▶ _Task objective_: Where in the data below does the word "quem" appear? Copy each line that holds it.

▶ _The records_:
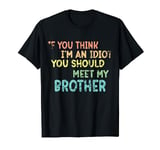If You Think I'm An Idiot You Should See My Brother Funny T-Shirt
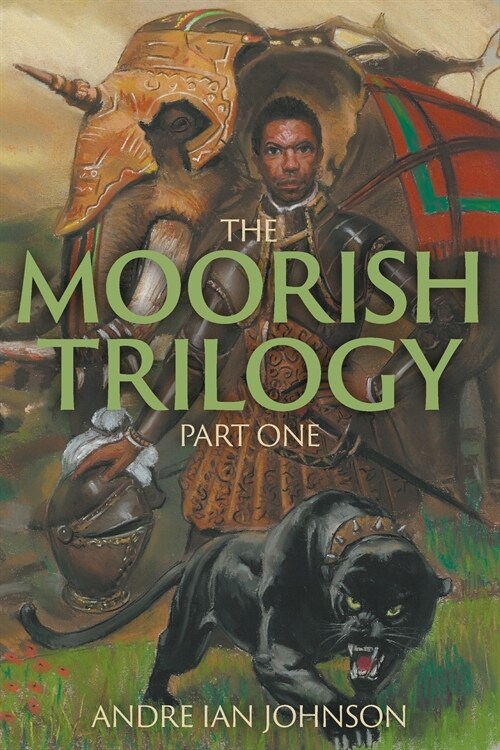 The Moorish Trilogy: Part One (Paperback)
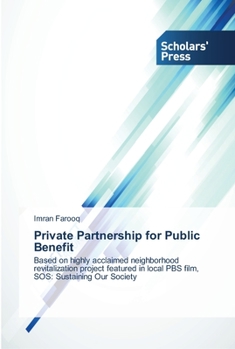 Paperback Private Partnership for Public Benefit Book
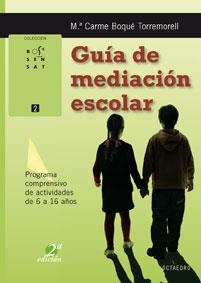 GUIA DE MEDIACION ESCOLAR | 9788480635554 | BOQUÉ TORREMOREL,Mª. CARME | Llibreria Geli - Llibreria Online de Girona - Comprar llibres en català i castellà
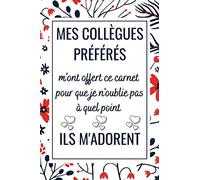Mes Collègues Préférés: Carnet de Note Motif Fleurs, idée cadeau depart collegue Travail femme homme , cadeau départ retraite humoristique , Alternative carte depart collègue , 107 pages , A5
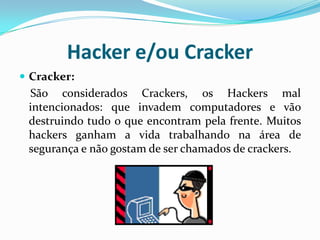 Hacker e/ou CrackerCracker:São considerados Crackers, os Hackers mal intencionados: que invadem computadores e vão destruindo tudo o que encontram pela frente. Muitos hackers ganham a vida trabalhando na área de segurança e não gostam de ser chamados de crackers.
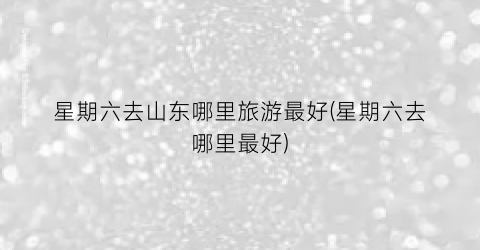星期六去山东哪里旅游最好(星期六去哪里最好)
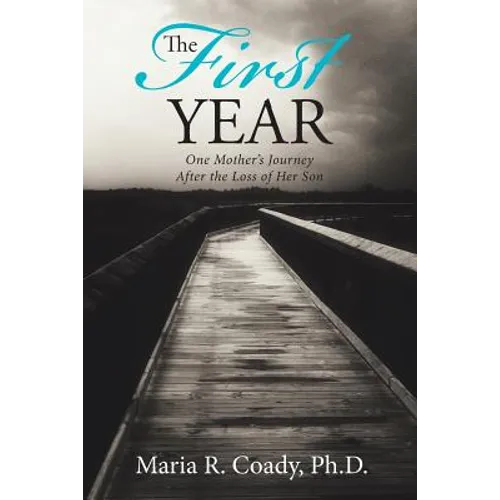 The First Year: One Mother's Journey After the Loss of Her Son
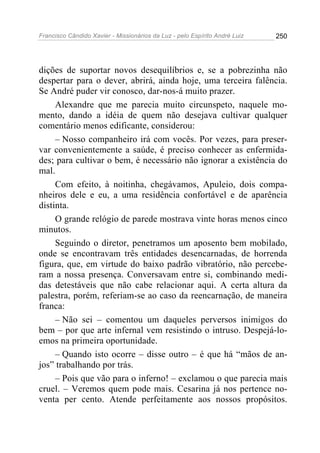 Francisco Cândido Xavier - Missionários da Luz - pelo Espírito André Luiz   250




dições de suportar novos desequilíbrios e, se a pobrezinha não
despertar para o dever, abrirá, ainda hoje, uma terceira falência.
Se André puder vir conosco, dar-nos-á muito prazer.
     Alexandre que me parecia muito circunspeto, naquele mo-
mento, dando a idéia de quem não desejava cultivar qualquer
comentário menos edificante, considerou:
     – Nosso companheiro irá com vocês. Por vezes, para preser-
var convenientemente a saúde, é preciso conhecer as enfermida-
des; para cultivar o bem, é necessário não ignorar a existência do
mal.
     Com efeito, à noitinha, chegávamos, Apuleio, dois compa-
nheiros dele e eu, a uma residência confortável e de aparência
distinta.
     O grande relógio de parede mostrava vinte horas menos cinco
minutos.
     Seguindo o diretor, penetramos um aposento bem mobilado,
onde se encontravam três entidades desencarnadas, de horrenda
figura, que, em virtude do baixo padrão vibratório, não percebe-
ram a nossa presença. Conversavam entre si, combinando medi-
das detestáveis que não cabe relacionar aqui. A certa altura da
palestra, porém, referiam-se ao caso da reencarnação, de maneira
franca:
     – Não sei – comentou um daqueles perversos inimigos do
bem – por que arte infernal vem resistindo o intruso. Despejá-lo-
emos na primeira oportunidade.
     – Quando isto ocorre – disse outro – é que há “mãos de an-
jos” trabalhando por trás.
     – Pois que vão para o inferno! – exclamou o que parecia mais
cruel. – Veremos quem pode mais. Cesarina já nos pertence no-
venta per cento. Atende perfeitamente aos nossos propósitos.
 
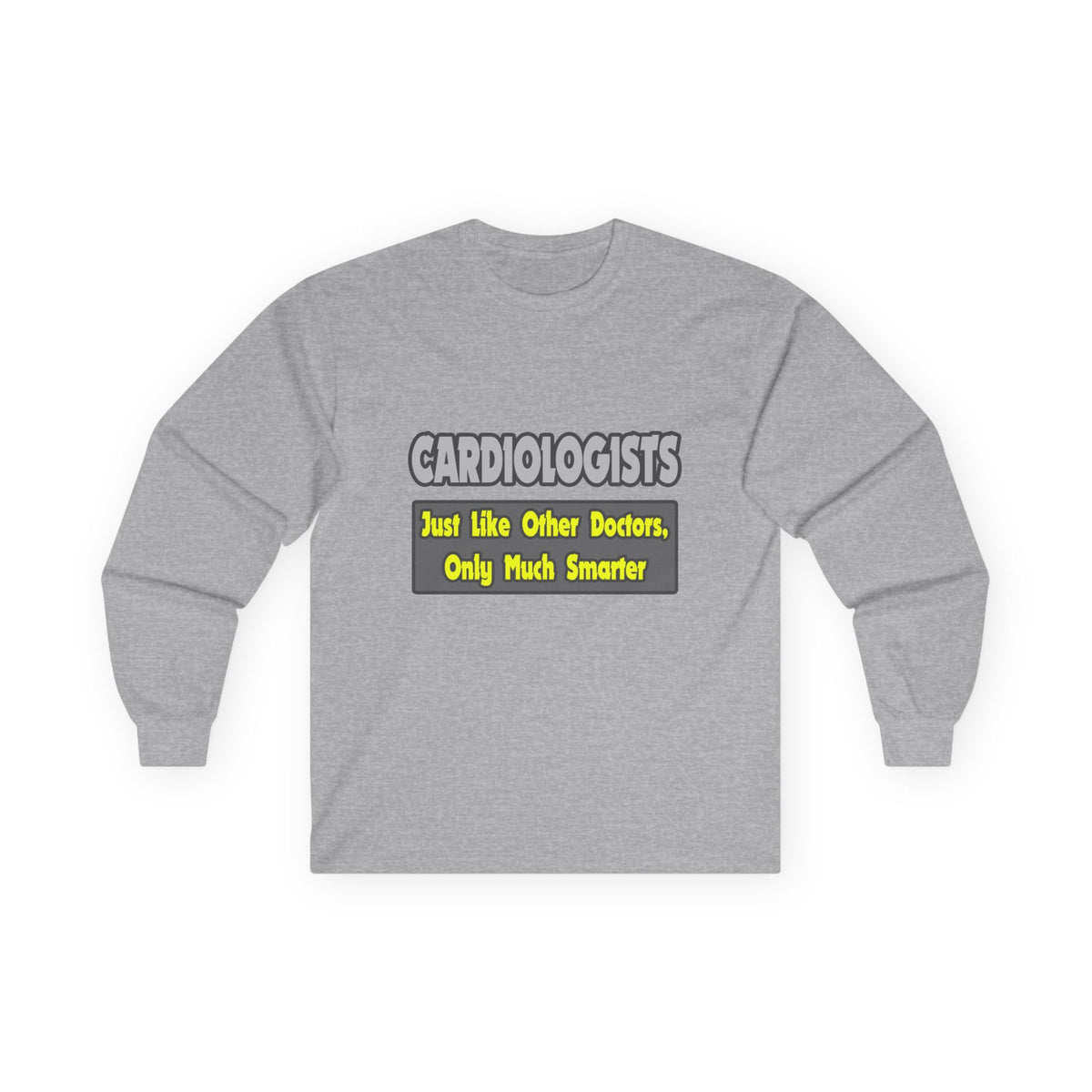Cardiologists...Smarter - Unisex Ultra Cotton Long Sleeve Tee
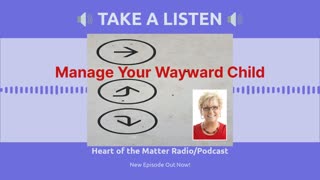 Discover New Ways to Manage a Wayward Child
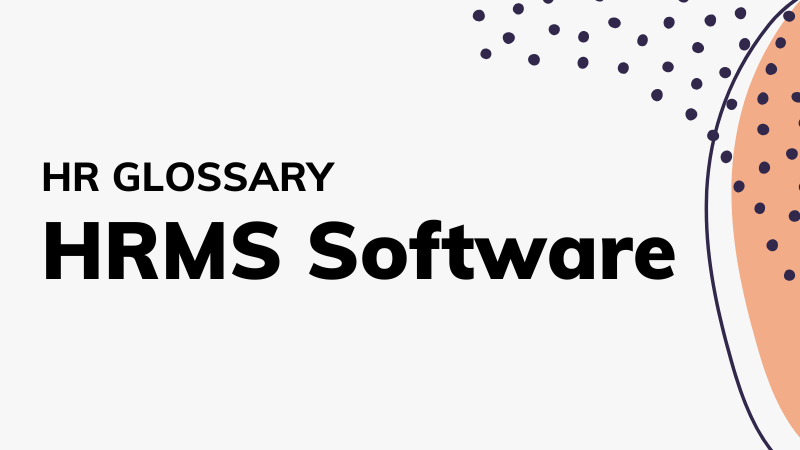 HRMS Software: What It Is, Key Features & How to Choose | 2026 Guide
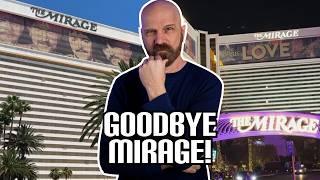 The End of an Era Inside The Mirage Las Vegas Before Its Closure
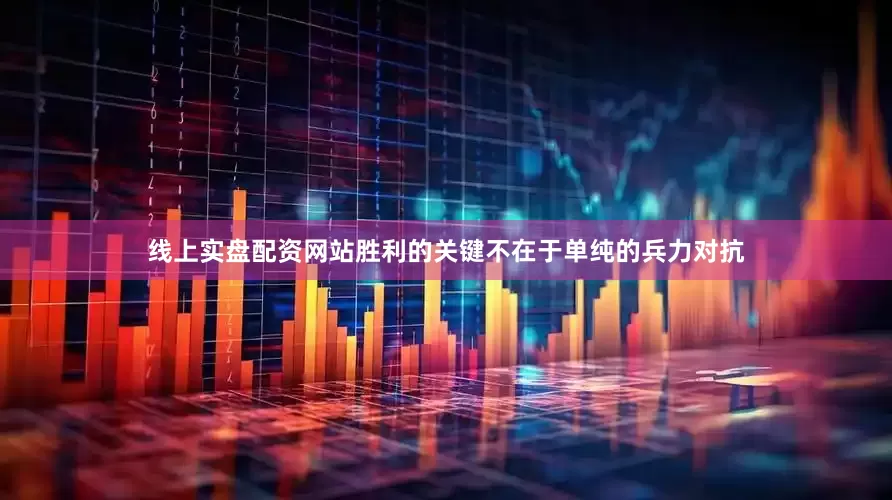 线上实盘配资网站胜利的关键不在于单纯的兵力对抗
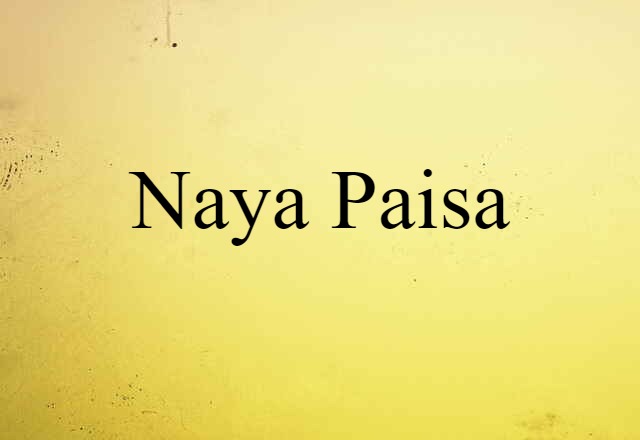 Naya Paisa (noun) Definition, Meaning & Examples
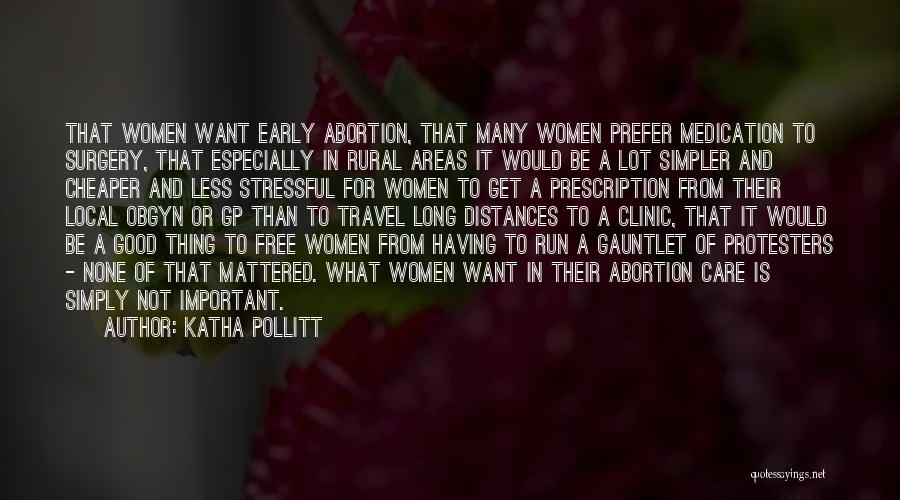 Gauntlet Quotes By Katha Pollitt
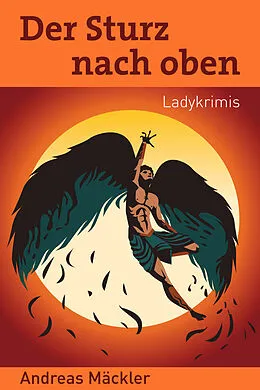 E-Book (epub) Der Sturz nach oben von Andreas Mäckler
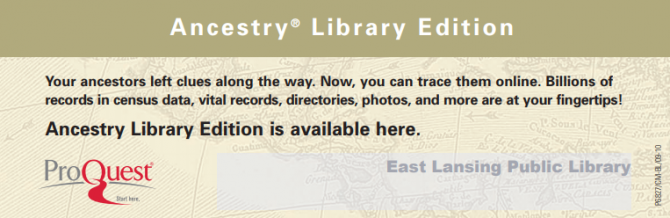 Ancestry Library Genealogy Database is now available at the East Lansing Public Library.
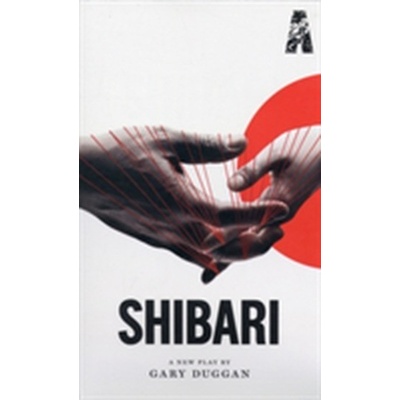 Shibari - Duggan Gary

▶ _The completed task_:
mento, dando a idéia de quem não desejava cultivar qualquer
cruel. – Veremos quem pode mais. Cesarina já nos pertence no-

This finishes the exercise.